GRINFLUENZA

smack talk

things i may, or may not say out loud.

in a funk.

 

went to a couple exhibitions this weekend. one being ms. o.g hypebae adrianne ho's muse gallery at x158 nike lab. #fanboy.  overall my weekend was uneventful and unproductive. been in a moody funk the past week and a half or so. going to tokyo on friday to meet up with my friend, raian siao pao, for the chinese new year. looking forward to it. heres a photo dump update from the weekend since i don't have anything insightful, thought-provoking or worthwhile to say at the moment...actually i do have something in mind but im just going to edit this post tomorrow when i've had some extra time to think about it...

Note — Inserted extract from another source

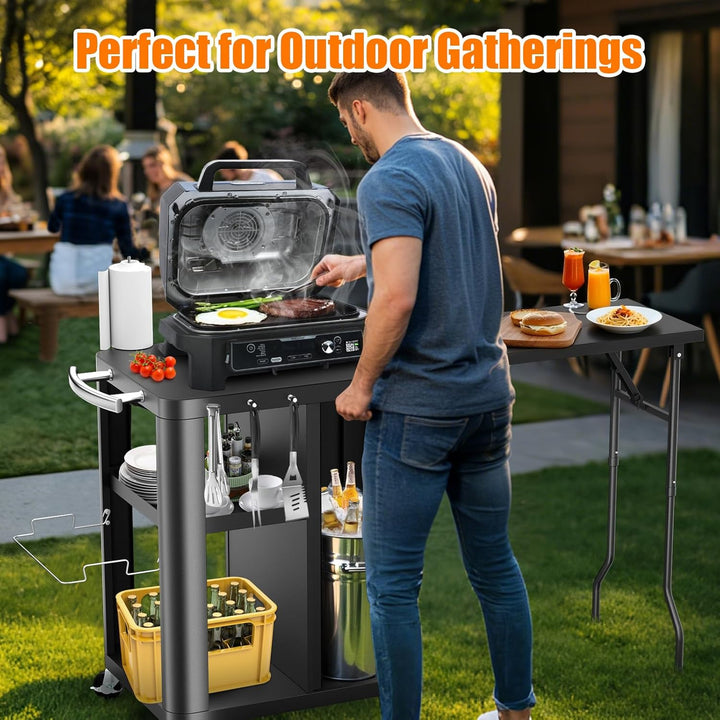 GFTIME Grillwagen, Grilltisch mit klappbarer Beistelltisch, Outdoorküche mit Haken, Aufbewahrungsreg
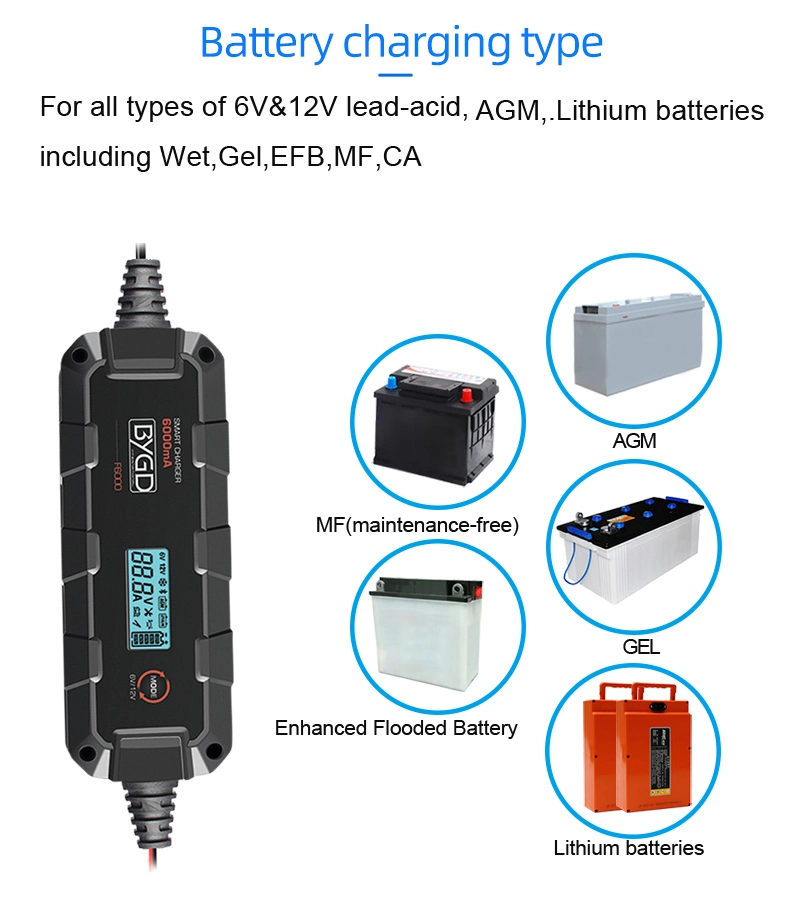 Factory 12V 6A Automatic Intelligent Start Stop Pulse Repair Lead Acid 12 Volt Battery Charger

edit 23/01 16:40: we all take L's. this weekend (and other weekends since being in shanghai, lol)  i took one between the eyes that bothered me for a couple days. what i thought was funny was actually ill-timed and was seemingly ill-received even if they denied it being so. i blamed the person's reaction on their inability to take a joke, their lack of humor and their absence of personality and taste in friends without really knowing anything about them. as i usually do, i sought wisdom and perspective from my go-to female confidants; my sister and a close friend who always keep one hunnid. the consensus was this: dudes can be lamez, and females can be just as equally basic and vanilla. it's natural. not everyone can gel and mesh on a personal or emotional level all the time. you win some, you lose some. you can't win them all and you for damn sure won't go 0 for 100.  some people are just meant to be rest stops and scenic loops along the way. they won't last for long, but it was worth the ride because of what it was able to show you, because they served their purpose. sometimes people just aren't into you, they dont feel you like that. and thats cool. it happens. whether it be wrong timing, circumstance, or just bad luck. it hurts because sometimes it takes effort to open up and make yourself a little vulnerable only to be told "nah" (chi-raq, chief keef style). no one likes to be told that they're not worthy, not good enough and not up to par. those moments, for me at least, always led to anger and bitterness. "you gonna act like that? forget you then, you trash anyways" type of attitude. but theres more to it. granted, i've been on both ends and as impulsive and reactive as i've been, theres a bigger picture. it's not just about me, my interests and potential gains. i mean if this is happening repeatedly, then clearly something needs to change on your behalf, but for the most part its just part of the trip. not everyone is gonna be your ride or die, not everyone can be your passenger dj. we don't drive cars that can fit that many people. but thats why we take breaks from time to time. to see what's out there. to determine what we like, what we don't like, what we can live with and what we'd prefer to live without. some people aren't in it for the road trip, they just want a lift to their next stop. easier said than done in the heat of the moment. but life goes on, we keep it moving. 

since then, i've apologized (sis encouraged), said what i needed to say to get over it and not let it bother me anymore. regardless if they felt it was needed or unnecessary. it was for me anyways. i feel better about it now so it's cool. no lie, i felt some type of way that i was left hanging and out to dry after being invited in the first place but it takes too much effort to be petty and bothered by trivial things that, in the grand scheme of things, won't (and shouldn't) dramatically affect your day-to-day hustle. truthfully, i could be overthinking and being overly dramatic about the entire thing which wasn't even a big deal at all. if we keep in touch, cool, if not, no sweat. another scenic loop i'm appreciative for. so let it be, just let it be.

just my .02. im not that proud to never admit when I get caught slipping. i have enough sense to own up to deficiencies . you know, always living and learning and learning to live. not getting any younger but always keeping in saucy. i'm out. thanks for visiting and killing a few minutes to catch up and see what's up. always appreciative.